• Problem to work on: Omit the pictures, then write out every entry exactly as it reads.

___ Exercise inputs

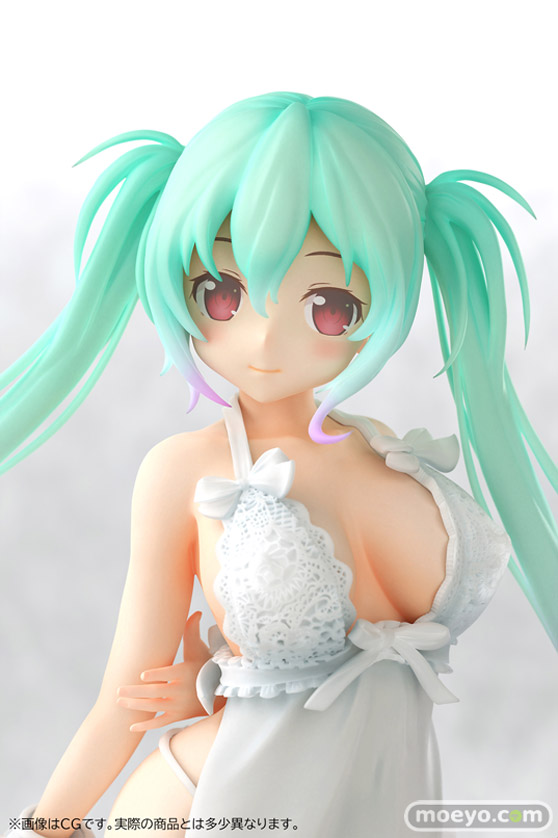 insight(インサイト) 限定300個 水着少女コレクション「えり」足有りver. APE エロ キャストオフ フィギュア 09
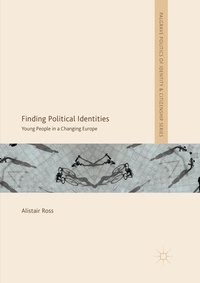 Enlarge image Cover: Finding Political Identities - Palgrave Macmillan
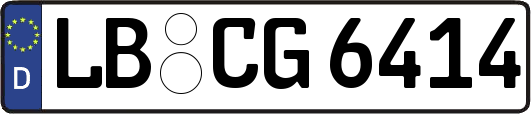 LB-CG6414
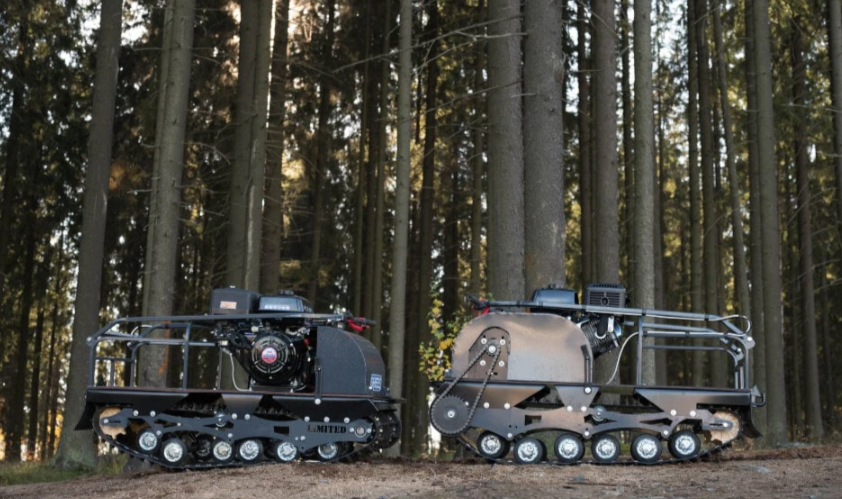 Мотобуксировщик ОНЕГО 500 15 FRONT LIMITED в Коломне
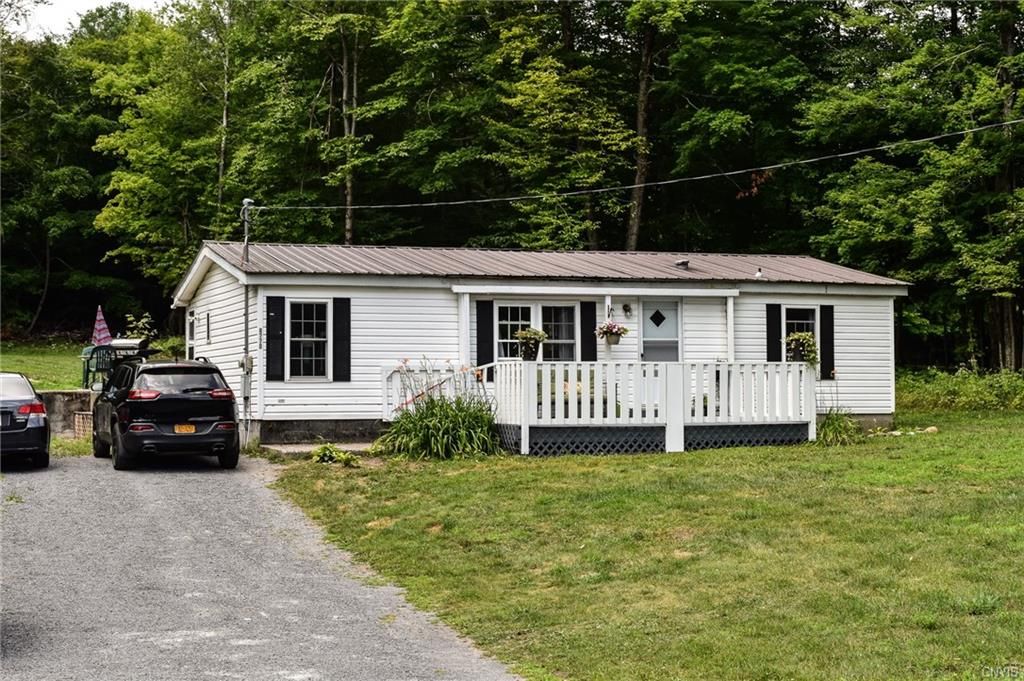 8770 Foxwood Ln, Boonville, NY 3 Bed, 2 Bath Mobile / Manufactured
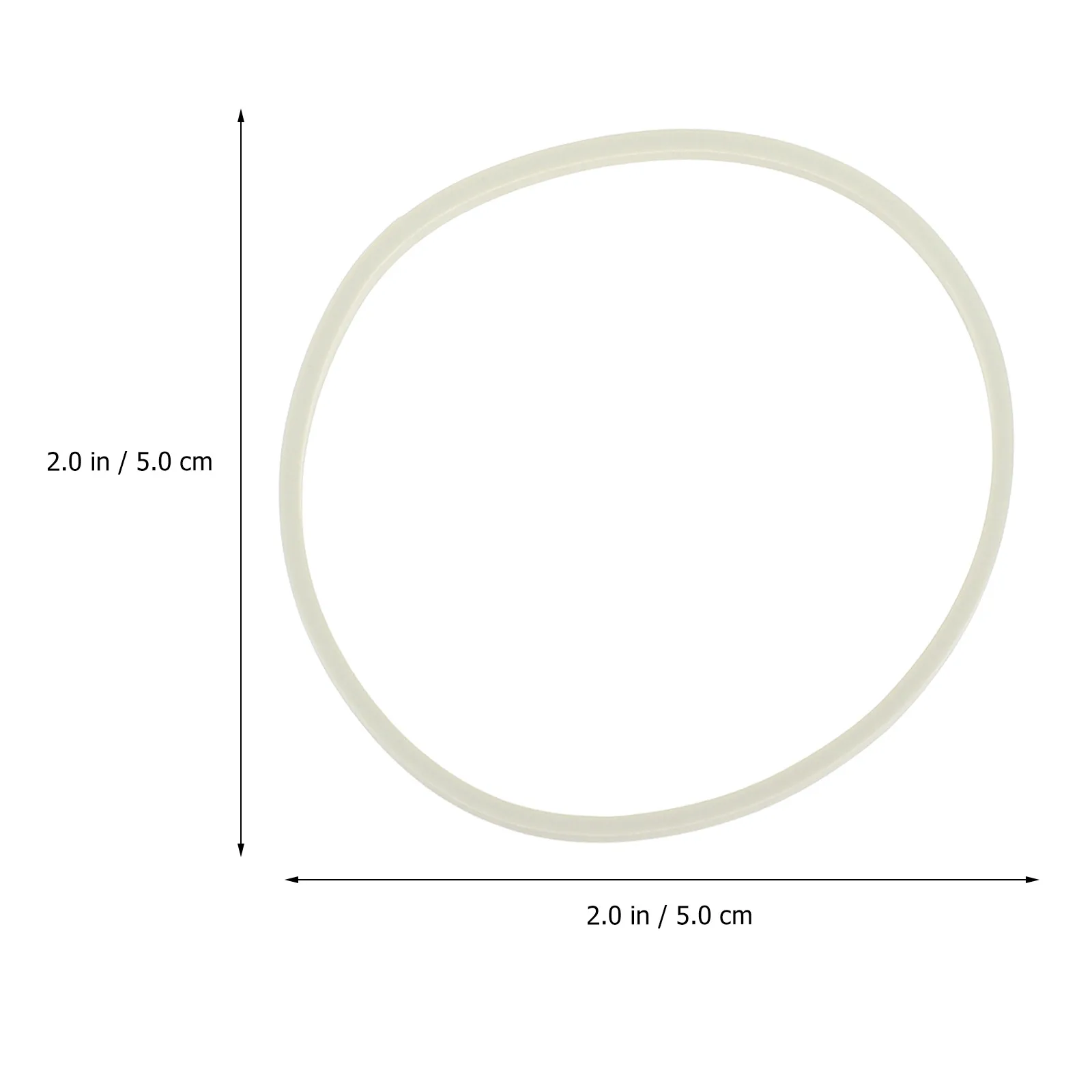 Elastic Binding Bands Rubber Bands Office Home Supplies Multi-Use Large Rubber Rings Binding Solution Organizing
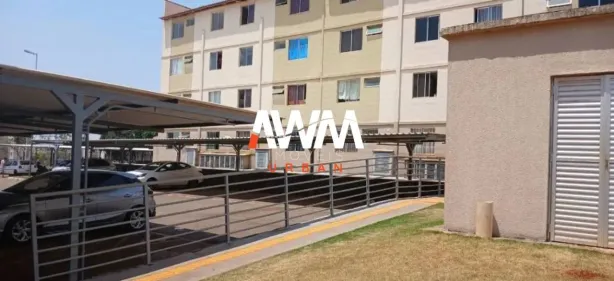 Apartamento com 2 Quartos à venda, 42m² no Conjunto Vera Cruz, Goiânia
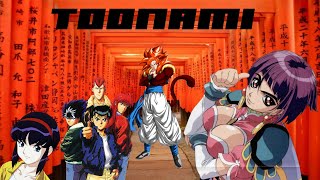 Toonami Rising Sun -  Saturday Morning Cartoons | Week 38 | Full Episodes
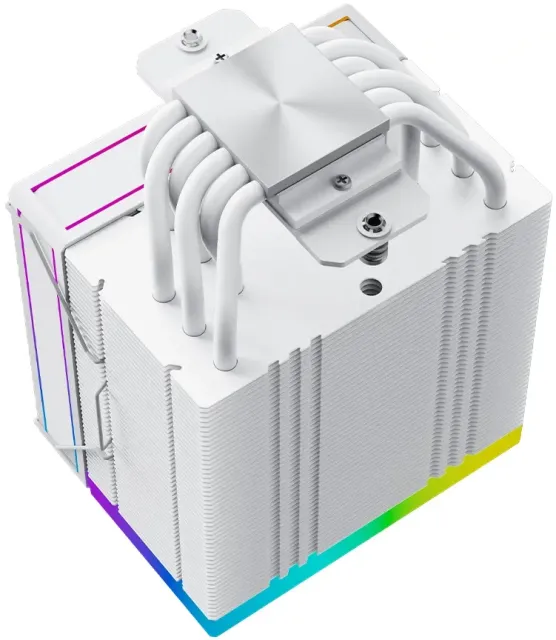 Кулер для процессора ID-COOLING FROZN A610 ARGB White купить! 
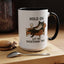 Animal Mug - Hold On Let Me Overthink This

______

• Task answer:
 insight(インサイト) 限定300個 水着少女コレクション「えり」足有りver. APE エロ キャストオフ フィギュア 09
 Enlarge image Cover: Finding Political Identities - Palgrave Macmillan
 LB-CG6414
 Мотобуксировщик ОНЕГО 500 15 FRONT LIMITED в Коломне
 8770 Foxwood Ln, Boonville, NY 3 Bed, 2 Bath Mobile / Manufactured
 Elastic Binding Bands Rubber Bands Office Home Supplies Multi-Use Large Rubber Rings Binding Solution Organizing
 Apartamento com 2 Quartos à venda, 42m² no Conjunto Vera Cruz, Goiânia
 Toonami Rising Sun -  Saturday Morning Cartoons | Week 38 | Full Episodes
 Кулер для процессора ID-COOLING FROZN A610 ARGB White купить! 
 Animal Mug - Hold On Let Me Overthink This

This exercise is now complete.